[Data listing Boundary: Start]

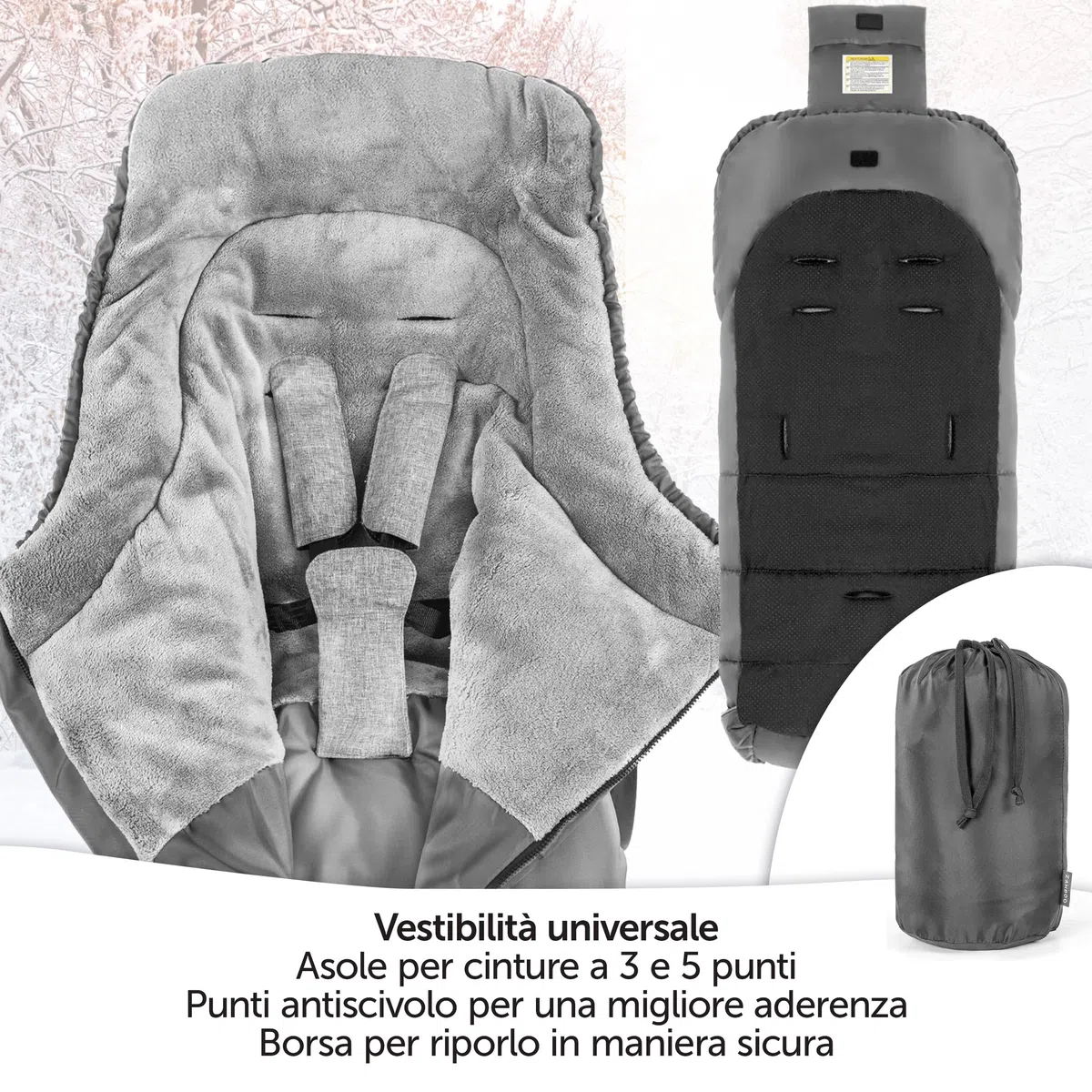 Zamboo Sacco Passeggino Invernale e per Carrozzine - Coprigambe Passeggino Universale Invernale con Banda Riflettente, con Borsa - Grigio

[Data listing Boundary: End]
[Data listing Boundary: Start]

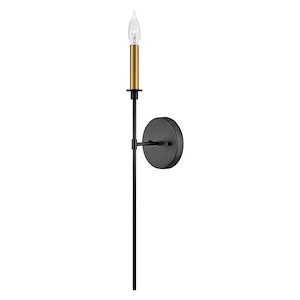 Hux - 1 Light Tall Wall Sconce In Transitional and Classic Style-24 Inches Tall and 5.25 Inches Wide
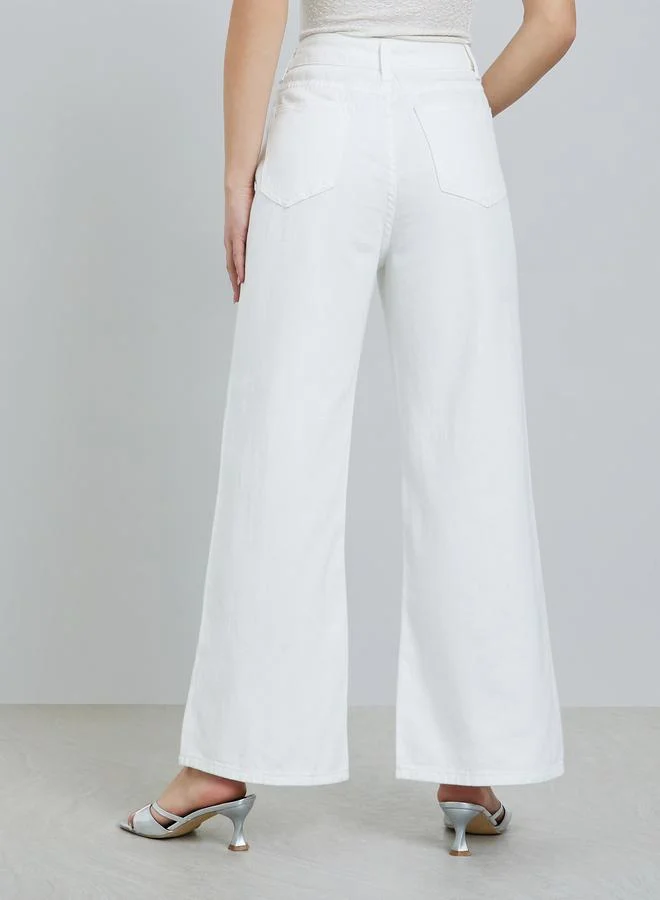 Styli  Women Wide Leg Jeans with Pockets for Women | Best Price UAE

[Data listing Boundary: End]

Directions for this task:
Reproduce, exactly and only, the lines of the records above starting at the line with "Hux - 1 Light" and ending at the line with "Best Price UAE", both included. Leave every picture out.

Task response:
 Hux - 1 Light Tall Wall Sconce In Transitional and Classic Style-24 Inches Tall and 5.25 Inches Wide
 Styli  Women Wide Leg Jeans with Pockets for Women | Best Price UAE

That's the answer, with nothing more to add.